Sound is a form of energy that travels through a medium (e.g., air) and propagates uniformly in all directions, in a spherical or hemispherical fashion. You can imagine something similar to ripples in a lake but three-dimensional.

As the surface area of the sphere grows, the initial amount of energy emitted by the sound source is distributed along this growing surface. Meaning that the further the wavefront is from the source, the greater the radius of the sphere and the lower the amount of energy per unit of area. As a result, the sound level at any point reduces as the distance from the source increases. This is how distance attenuates sound.

Sound is perceived in our ears as changes in air pressure. A practical unit used to quantify this pressure is the sound pressure level (SPL), which is expressed in the decibel logarithm scale. Lower decibel numbers denote softer sounds, whereas higher values indicate louder sounds.

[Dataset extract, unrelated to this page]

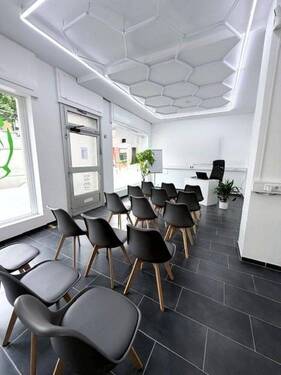 Bild 2 - Gewerbeobjekt (Büro, Produktion, Verkauf) zur Miete in Neuss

🙋 Do you need to refresh what pressure is and how to calculate it? then we highly suggest checking the pressure calculator.

## Sound attenuation formula

The inverse distance law is used to determine sound pressure level changes at a given distance from the source. This one is also known as the sound attenuation formula, which is provided by:

$\small \text{SPL}_2 = \text{SPL}_1 - 20 \log\left( \cfrac{R_2}{R_1}\right)$

where:

• $\text{SPL}_1$ — Sound pressure level at point 1;
• $\text{SPL}_2$ — Sound pressure level at point 2;
• $R_1$ — Distance from the sound source to point 1; and
• $R_2$ — Distance from the sound source to point 2.

If you only need an approximate estimate of the changes on SPL instead of an accurate number, you can use the inverse square law. This law states that with every doubling of distance from the source, the intensity of a sound decreases four times. In terms of sound pressure level, with every doubling of the distance, the sound pressure level drops around 6 dB.

For instance, if initially at a distance of 2 m from the sound source, the SPL is 70 dB, doubling the distance to 4 m will result in an estimated SPL of 64 dB, about 6 dB less.

🙋 If you enjoyed learning how sound is affected by distance, we recommend checking the sound wavelength calculator, where you'll learn more about the wave nature of sound!

## How to use the distance attenuation calculator

With the distance attenuation calculator, determining how much sound attenuates between two points becomes an easy task. Let us see how to do this:

1. Begin by entering the information associated with Point 1. Indicate the Distance from the source and Sound pressure level in dB.

2. Proceed to enter the Distance from the source for Point 2.

3. The calculator will display Sound pressure level for Point 2 as well as the Difference in SPL.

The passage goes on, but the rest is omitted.